--- Records ---

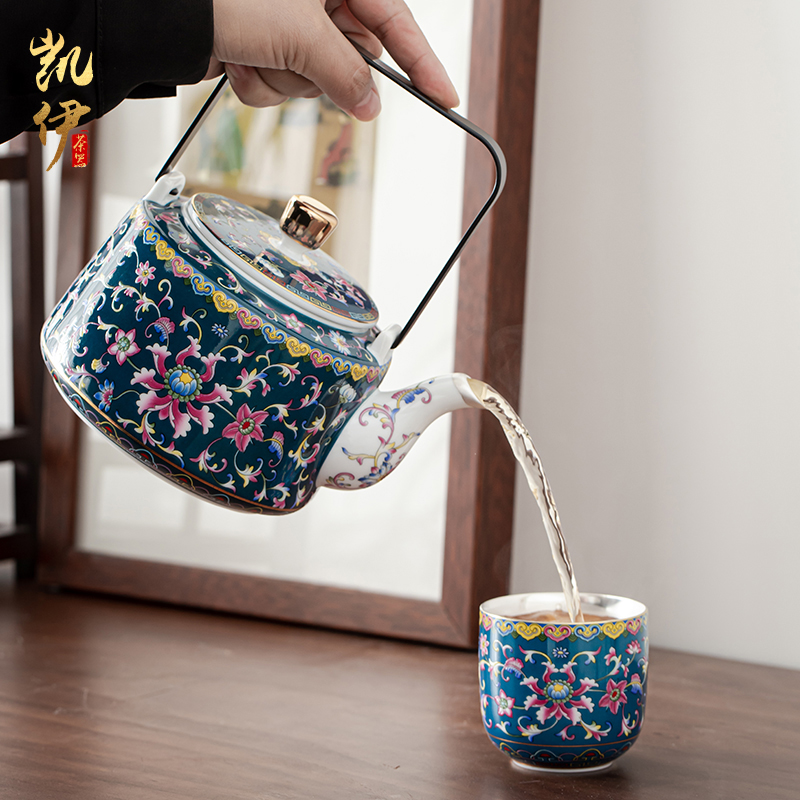 Pure color enamel trail pot coppering. As silver tea set large capacity girder silver pot of jingdezhen ceramic tea cups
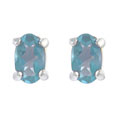Sterling Silver Created Blue Topaz Oval Stud Earrings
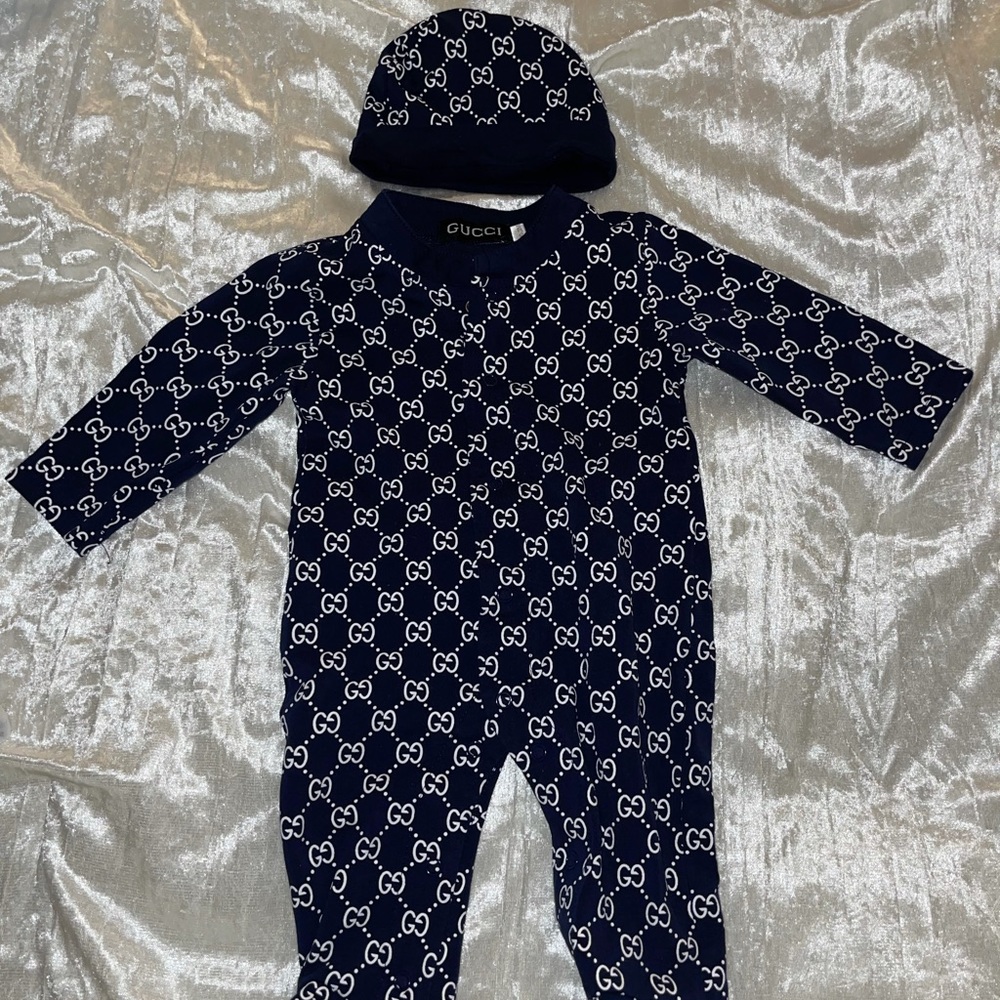 Baby Gucci GG onesie Navy
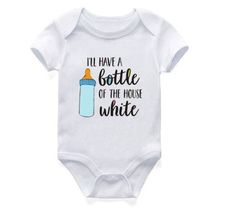 Includes: 1 OnesieMaterial: CottonGender: Girls & BoysPattern: Letters, BottleSleeve Length: ShortSummary: Baby Toddler Short Sleeve I'll Have a Bottle of The House White Onesie Cute Fitted White Onesie, White Short Sleeve Onesie For Spring, White Short Sleeve Onesie For Family Matching, White Fitted Onesie For Family Matching, White Onesie With Letter Print For Summer, Cute White Fitted Onesie, Family Matching Fitted White Onesie, White Short Sleeve Casual Onesie, White Letter Print Onesie For Summer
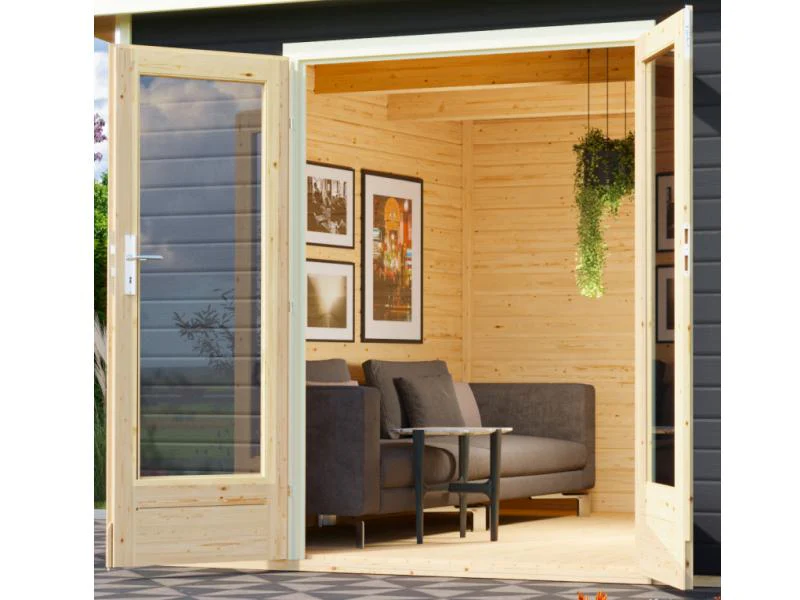 Karibu Saunahaus Mainburg 1 Set B terragrau- 9 kW Ofen ext. Strg - Image 5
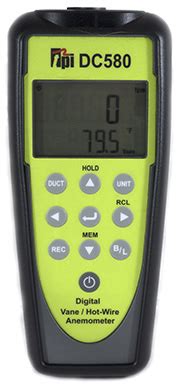 DC580C3 Combination Vane Hot Wire Anemometer Measure Air Velocity And Temperature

---

_Task brief_
Only the text of the entries belongs in the answer, copied exactly; the pictures stay out.

_Written reply_
 Pure color enamel trail pot coppering. As silver tea set large capacity girder silver pot of jingdezhen ceramic tea cups
Sterling Silver Created Blue Topaz Oval Stud Earrings
 Baby Gucci GG onesie Navy
 Includes: 1 OnesieMaterial: CottonGender: Girls & BoysPattern: Letters, BottleSleeve Length: ShortSummary: Baby Toddler Short Sleeve I'll Have a Bottle of The House White Onesie Cute Fitted White Onesie, White Short Sleeve Onesie For Spring, White Short Sleeve Onesie For Family Matching, White Fitted Onesie For Family Matching, White Onesie With Letter Print For Summer, Cute White Fitted Onesie, Family Matching Fitted White Onesie, White Short Sleeve Casual Onesie, White Letter Print Onesie For Summer
 Karibu Saunahaus Mainburg 1 Set B terragrau- 9 kW Ofen ext. Strg - Image 5
 DC580C3 Combination Vane Hot Wire Anemometer Measure Air Velocity And Temperature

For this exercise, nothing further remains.